» The problem
Nothing but the lines from the one including "Моторчик стеклоподъемника, mini Cooper" through the last line of the entries, restated exactly, should appear in the answer; omit the pictures.

Given information START

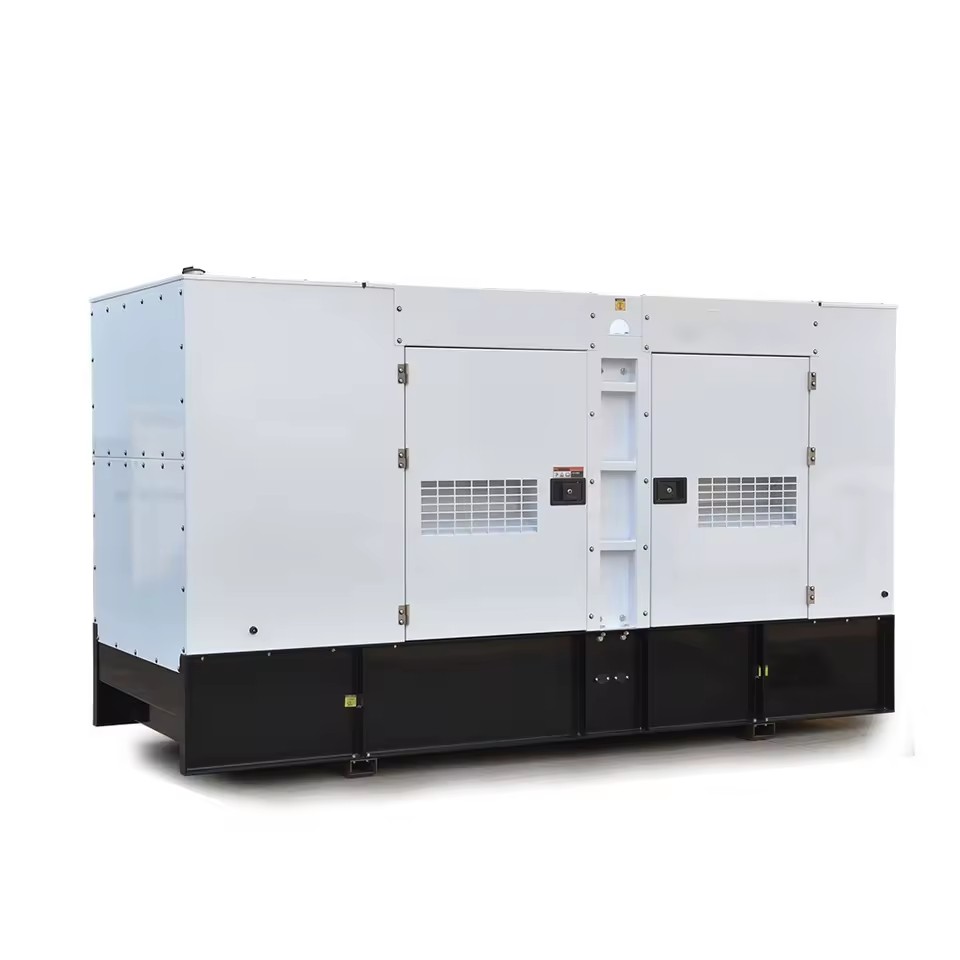 3 Phase Diesel Generator with ATS Auto Start 100kw 200kw 300kw 3 Phase Water Cooled Industrial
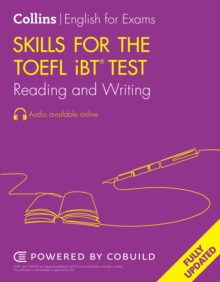 Image for Skills for the TOEFL IBT test  : reading and writing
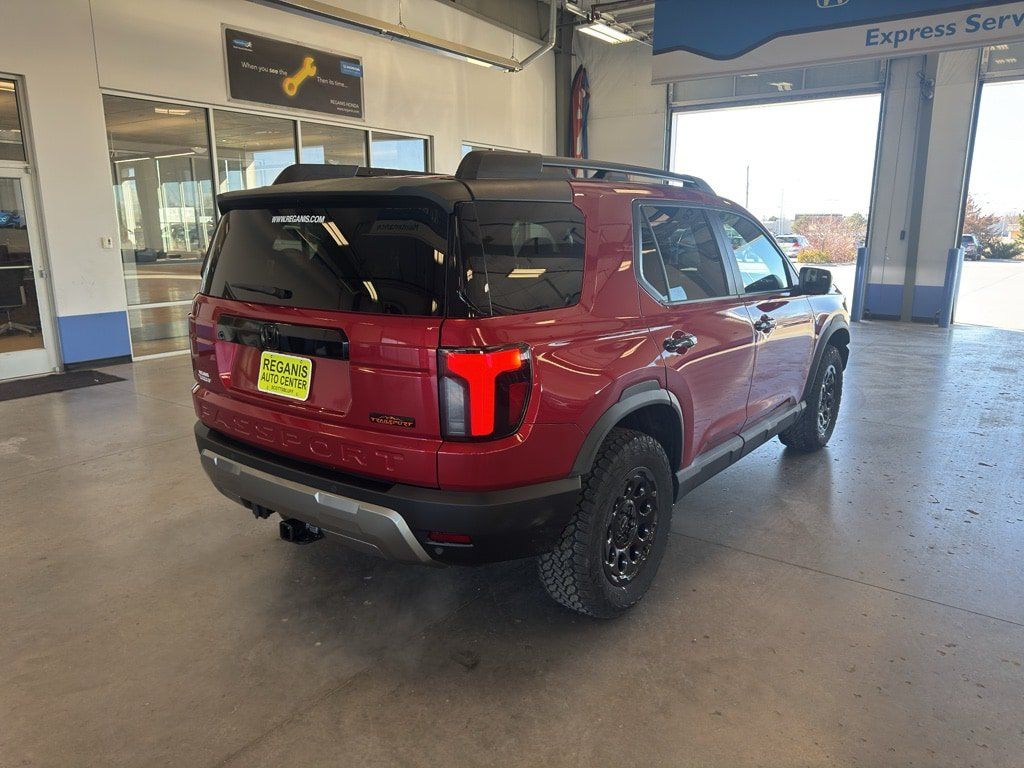 New 2026 Honda Passport TrailSport image 5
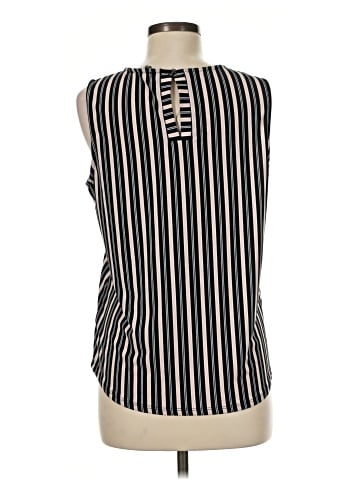Adrianna Papell Sleeveless Blouse (view 2)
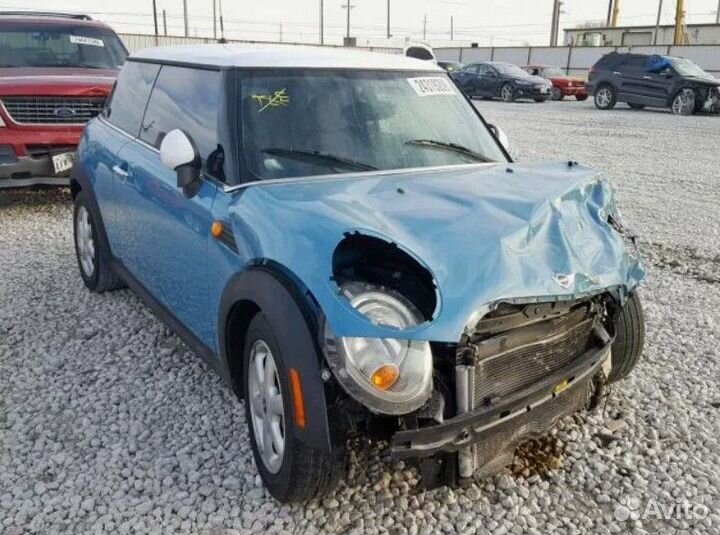 Моторчик стеклоподъемника, mini Cooper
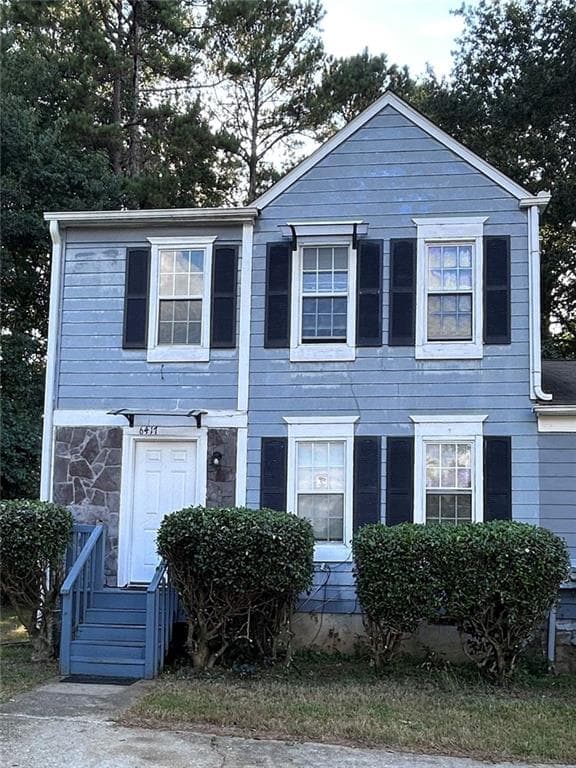 3 bedroom, 3 bathroom, 1,408 sq ft townhouse for rent at 6417 Bedford Lane, Lithonia, GA 30058 for $1,700 a month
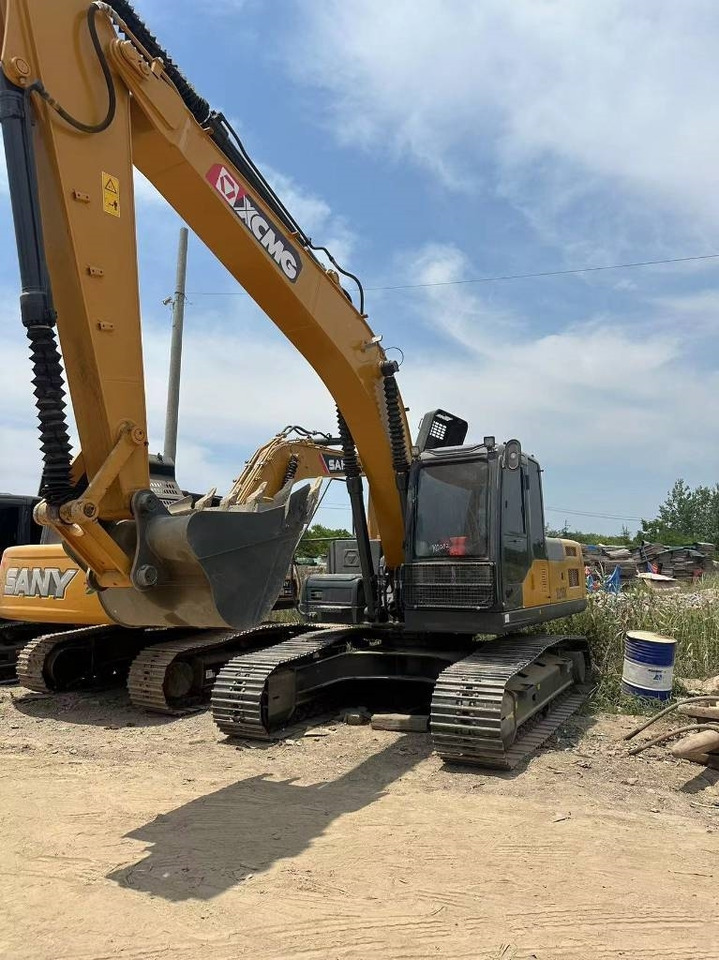 XCMG XE 215 DA - Верижен багер: снимка 1 XCMG XE 215 DA - Верижен багер: снимка 1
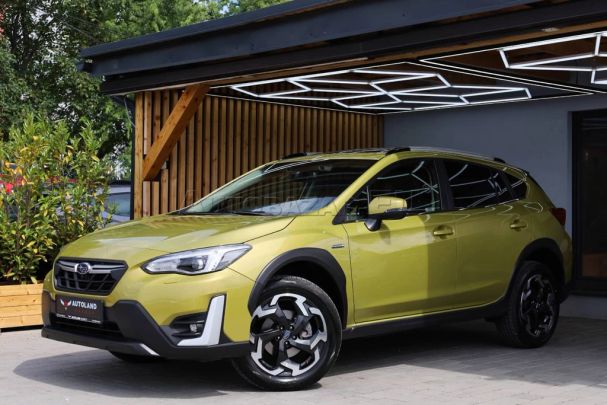 Subaru XV 2.0i 110 kW image number 1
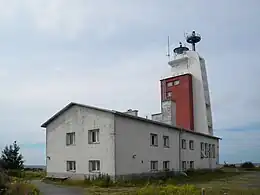 le phare de Kylmapihlaja.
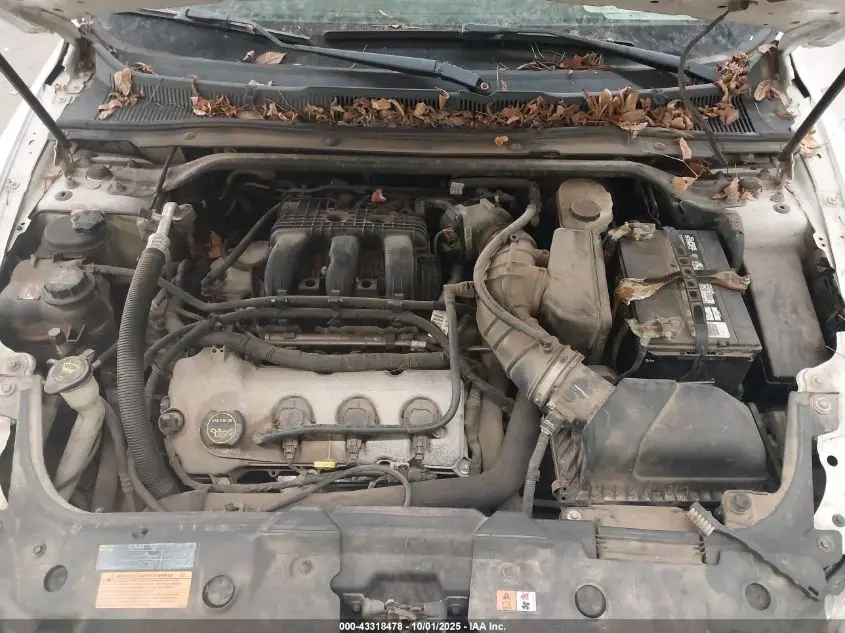 2011 FORD TAURUS LIMITED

Given information END

» Reply to the task
 Моторчик стеклоподъемника, mini Cooper
 3 bedroom, 3 bathroom, 1,408 sq ft townhouse for rent at 6417 Bedford Lane, Lithonia, GA 30058 for $1,700 a month
 XCMG XE 215 DA - Верижен багер: снимка 1 XCMG XE 215 DA - Верижен багер: снимка 1
 Subaru XV 2.0i 110 kW image number 1
 le phare de Kylmapihlaja.
 2011 FORD TAURUS LIMITED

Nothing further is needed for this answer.